Quindi Arjuna, prima di combattere, viene preso dal dubbio e getta via il suo arco, rinunciando al combattimento, e solo dopo aver chiarito tutti i suoi dubbi, tramite il colloquio con l’Essere Supremo, che è allo stesso tempo fuori e dentro di lui, riprenderà il suo posto di combattimento. Il fatto di essere preso dal dubbio per poi superarlo è la cosa più importante per il guerriero, che in questo modo supera la propria componente umana per tendere alla perfezione. Non essere mai presi dal dubbio significa essere o ignoranti o stupidi, poiché il dubbio è una componente sempre presente nella nostra vita, e il valore del guerriero si dimostra nella capacità di superarlo. Il simbolismo di Krsna e Arjuna è presente anche in altri miti europei, come quello di Romolo e Remo, che vengono abbandonati in una cesta nella acque del fiume Rumon: essi rappresentano le due componenti presenti nella persona e la cesta rappresenta proprio il corpo nel quale tali principi si trovano. Uno è il principio Solare e Superiore, Romolo, l’altro è il principio terreno e individualista, Remo. Tutta l’opera ruota attorno al concetto di “azione disinteressata”, akarman in sanscrito, ovvero un’azione che prescinde dai suoi frutti e che non è azione in senso stretto (agire senza agire).

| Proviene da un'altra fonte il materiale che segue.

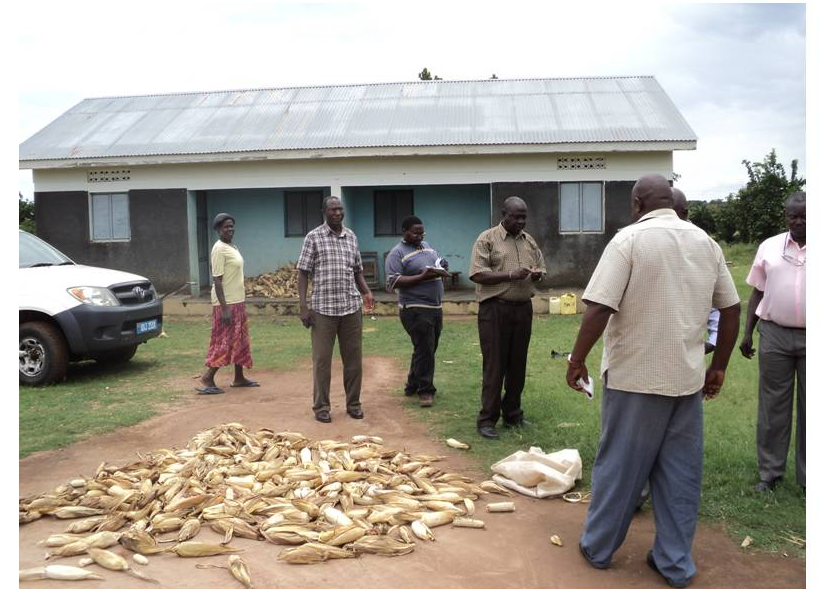Community members at a project field site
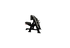 Nautilus Seated Preacher Curl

Nella Bhagavad-Gītâ ci sono le basi della civiltà europea, soprattutto dal punto di vista spirituale, il quale supera i moderni confini meramente politici, arrivando a comprendere anche paesi come l’India e l’Iran, vista la comune matrice Indoeuropea da cui tale sapienza deriva. L’Europa sarà tale quando potrà di nuovo riconoscersi nel pensiero Arya (dalla radice “ar”, che significa eccellenza e da cui derivano vari termini come aristhos, arethè, armonia, ritus, ritmo), quello di una superiore razza (1) dello spirito da cui fu creata la Bhagavad-Gītâ. L’insegnamento dell’akarman ossia dell’azione senza azione infatti si può trovare in altre opere come l’Iliade, l’Odissea o l’Eneide, appartenenti anch’esse al nostro passato europeo; il mondo moderno, al contrario, fa di tutto per spingere l’umanità a compiere azioni solo per ottenere un tornaconto, un personale profitto. Studiare e riscoprire questi antichi testi è un dovere per riappropriarci della nostra dignità e consapevolezza di Uomini nel senso più alto del termine, appartenenti al grande progetto della Tradizione.

(1) “Ariana” è, infatti, la caratteristica degli uomini che appartengono ad una delle tre caste (sacerdoti, guerrieri, produttori). Non è derivante dall’appartenenza ad una razza biologica (del sangue), bensì da una qualità spirituale.